Throughout the document, the challenge of building is either explicitly stated or implied.
It described how the engineers and owners “walked the land” to lay out the best possible road locations.
Planners selected places for roads based on “constructability and existing grade.”
Entrances will go where at least 300 feet of sight distance can be obtained.
Traffic impacts need to be studied, and the engineers planned to do so with representatives of Virginia Department of Transportation.
“As Stoots Mountain Road does not have a posted speed limit, it is assumed to be 55 mph, which requires a 600-foot sight distance,” the planning document said.
“Common sense and existing conditions will tell any driver that they will not be able to drive 55 mph on Stoots Mountain Road. In fact, 35 mph will be hard to achieve because of the sharp curves.”
Planners expected a request for speed limits from VDOT to be placed for the developments.
Boenke said the firm is still getting the contours of the land, so the road grades are still unknown.

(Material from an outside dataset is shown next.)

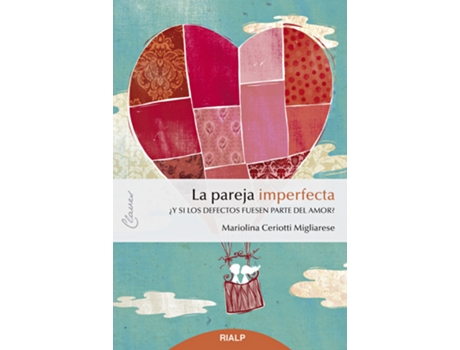 Livro La Pareja Imperfecta de Mariolina Ceriotti Migliarese (Espanhol)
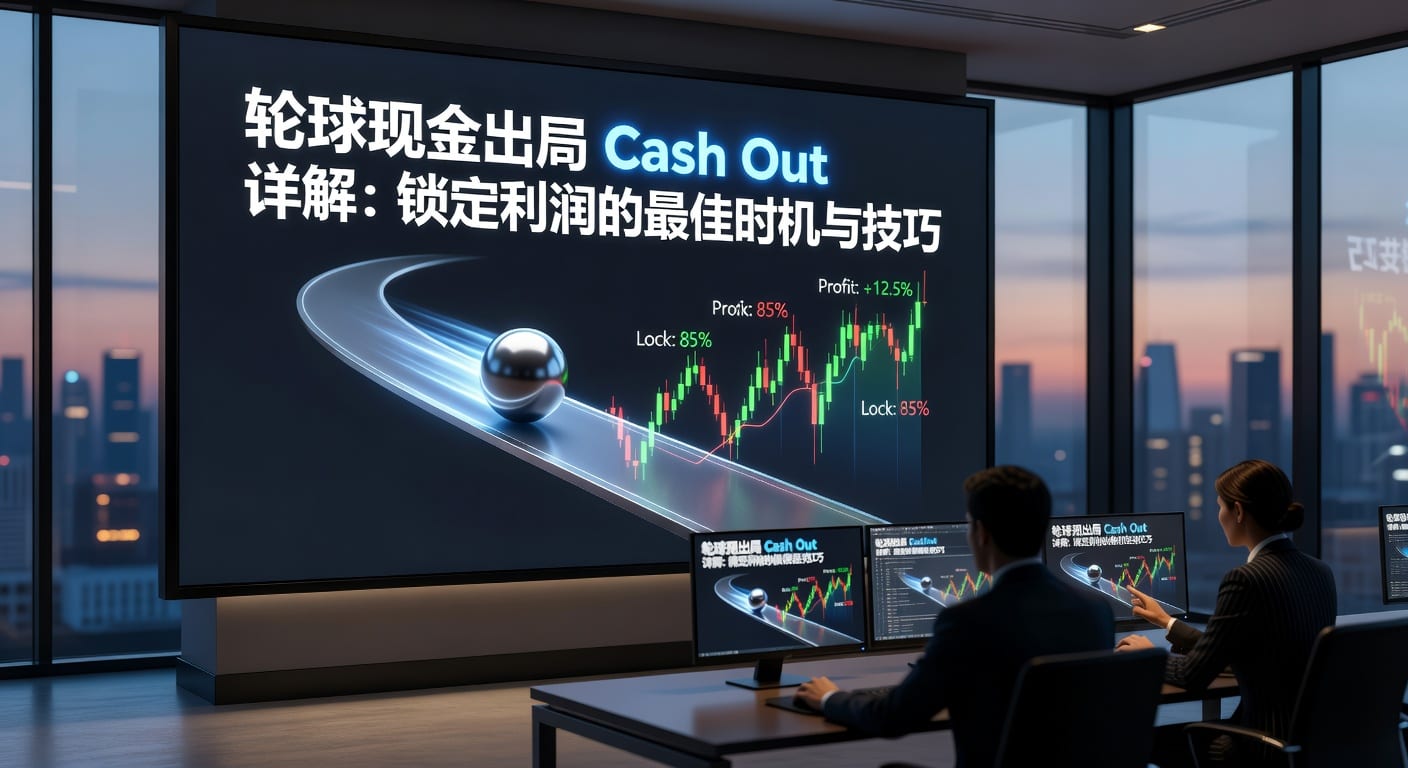 滚球现金出局 cash out：投注技巧与风险控制解析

The road will be private, so he didn’t expect a need to get vehicles like school buses on it.
All three owners/developers want to make sure the roads are wide enough so two cars can pass, the engineer said.
At the time of the plan’s submission to the county, no soil evaluations had been performed because of, in part, time constraints from the clients to meet deadlines. So neither percolation rates for septic systems nor soil classification for drainfields were available.
Engineers expected that the three subdivisions would share storm water detention facilities in the valley below, or at least common drainage easements.
An erosion and sediment control plan will be required before final approval of the subdivisions.
“Given the slope of the existing terrain, [erosion and sediment control] will be challenging,” the planning document stated. “Therefore, it is going to be a goal to disturb as little as possible for construction and perform construction in such a manner so as not to cause excessive potential erosion areas.”
Along with the planning document, engineers submitted a five-page draft of proposed restrictions for the subdivisions.
The proposed covenants would control outbuildings and unlicensed vehicles on the properties, require clean lots, stipulate easements, exclude animals for breeding, and require that all water and septic comply with Virginia Department of Health regulations. An architectural control committee would be established.
Boenke wasn’t sure what the developers’ total investment in the project would be, or a timeline for the work.
“They’re not in a big hurry to get it done, but they don’t want to drag it out for years and years,” he said. “It’s not for the faint of heart to try and do something like this.”
The proposed development is sizeable, county officials say.
“I would say it’s very close to being one of the biggest,” noted Sam Dickson, new chairman of the Carroll County Supervisors who has also spent time on the planning commission.
A lot of people want beautiful views, and Dickson believes that would be the attraction of Stoots Mountain.
Recreational subdivisions have caused concerns in the past in Carroll County because of their narrow roads and steep grades that make it difficult for fire engines and ambulances to respond to emergencies.
From what Dickson knows about the proposals, that doesn’t seem to be an issue.
“From the preliminary plans, it looks like it’ll be done right,” Dickson said. “I see it as good growth.”